July 6, 2011
Hours after the National Association of REALTORS® announced an 8.2 percent jump in May prices, CoreLogic confirmed its May numbers show a second consecutive month-over-month increase.
According to the CoreLogic Home Price Index, national home prices—including distressed sales—increased by 0.8 percent in May 2011 compared to April 2011. On a year-over-year basis, home prices declined by 7.4 percent in May 2011 compared to May 2010 after declining by 6.7 percent in April 2011 compared to April 2010. Excluding distressed sales, year-over-year prices declined by 0.4 percent in May 2011 compared to May 2010 and by 0.8 percent in April 2011 compared to April 2010. Distressed sales include short sales and real estate owned (REO) transactions.
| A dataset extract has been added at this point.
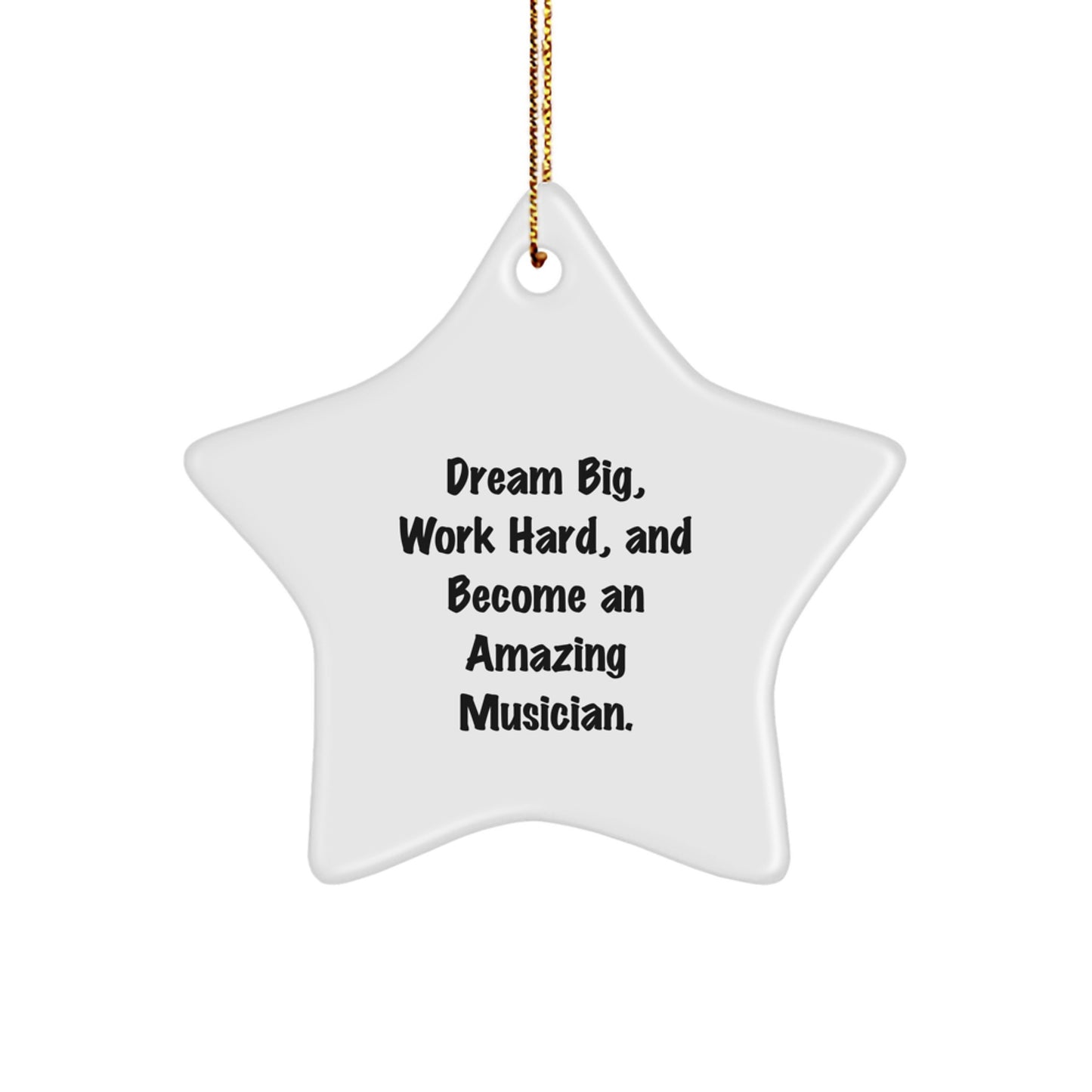 Gifts from Family - Inspirational Star Ornament for Musician Friends and Family Members - Christmas Unique Gifts for Musician Men and Women - Image 1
“Two consecutive months of month-over-month growth and continued relative strength in the non-distressed market segment are positive seasonal signs in the housing market. Slowly declining shadow inventory and stabilized negative equity levels are also positive signs. Nonetheless, the fragile economic recovery is still critical to the long-term recovery in the housing market,” says Mark Fleming, chief economist for CoreLogic.
National Highlights as of May 2011:
• Including distressed sales, the five states with the highest appreciation were: New York (+4.4 percent), Vermont (+3.9 percent), North Dakota (+3.8 percent), Hawaii (+2.5 percent) and the District of Columbia (+0.5 percent).
• Including distressed sales, the five states with the greatest depreciation were: Idaho (-16.4 percent), Michigan (-12.9 percent), Arizona (-12.1percent), Illinois (-11.8 percent) and Nevada (-11.6 percent).
• Excluding distressed sales, the five states with the highest appreciation were: West Virginia (+10.1 percent), Hawaii (+9.0 percent), North Dakota (+8.6 percent), Vermont (+6.3 percent) and New York (+6.1 percent).
• Excluding distressed sales, the five states with the greatest depreciation were: Nevada (-9.8 percent), Idaho (-7.9 percent), Arizona (-7.0 percent), South Dakota (-6.1 percent) and Minnesota (-5.0 percent).
• Including distressed transactions, the peak-to-current change in the national HPI (from April 2006 to May 2011) was -32.7 percent. Excluding distressed transactions, the peak-to-current change in the HPI for the same period was -21.2 percent.
• Of the top 100 Core Based Statistical Areas (CBSAs) measured by population, 91 are showing year-over-year declines in May, unchanged from April.